Teachers

Over the last several months I’ve been picking up more signal online about Clayton Christensen, a Harvard business professor well-known for his ideas on innovation and disruption. To learn more about Christensen, I listened to an interview conducted with him by former student Horace Dediu on The Critical Path.

The whole interview was great, but what impacted me was the way Dediu calls Christensen “his teacher.” The whole conversation was marked with humility and an obvious two-way foundation of seeking to learn from the other, marked by admissions like “I always learn so much when I talk to you.”

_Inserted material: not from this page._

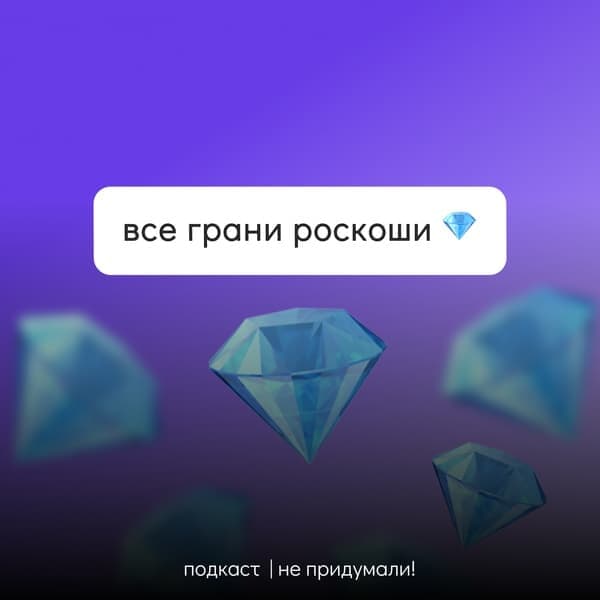 #ВсеГраниРоскоши #ВсеГраниРоскоши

I haven’t consciously used the phrase “teacher” in over a decade—it’s been supplanted by words like professor, instructor, advisor, or lecturer. Teacher, for me, became an institutional term with institutional implications.

That’s really sad.

I started asking myself: Who are my teachers? Who has taught me? I have (and have had) many—including various professors, family members, friends, even strangers—who have profoundly impacted me, taught me lessons, and honed skills in me. This world is full of people who can teach me if I am humble enough to listen.

It’s easy to become cynical and defensive of your own right view of the world. You can start to think you have much to give or share, and that it’s your job to get the message out.

But what if, instead of believing you have figured out so much and have so much to give, you came to view every person you encounter as someone who you can learn deeply from. Assuming that each person you encounter has a more deeply honed perspective than you. That they have approached life or a specific topic with more care and thought than you have. Not everyone has, but why not start from that assumption? Like the Covey adage: Seek first to understand, then to be understood.

What a generous way to live your life.

At the end of Dediu’s interview, Christensen shares his email address and closes with this (I’m paraphrasing):

Please feel free to contact me, especially if you’ve read my work and noticed an inconsistency or example where my ideas don’t work. That would give me the greatest opportunity to learn something new.

Most of us are too concerned with protecting our reputation and being right to honestly desire this type of critical response. Christensen is operating on a completely higher plane here. His goal is to learn, and his ego isn’t threatened by the possibility of correction—instead, he views it as the best possible outcome.

So I am trying to adopt this “seek to learn first, possibly teach later” mindset. I hope to document the process here and will try to approach it with this level of humility and generosity.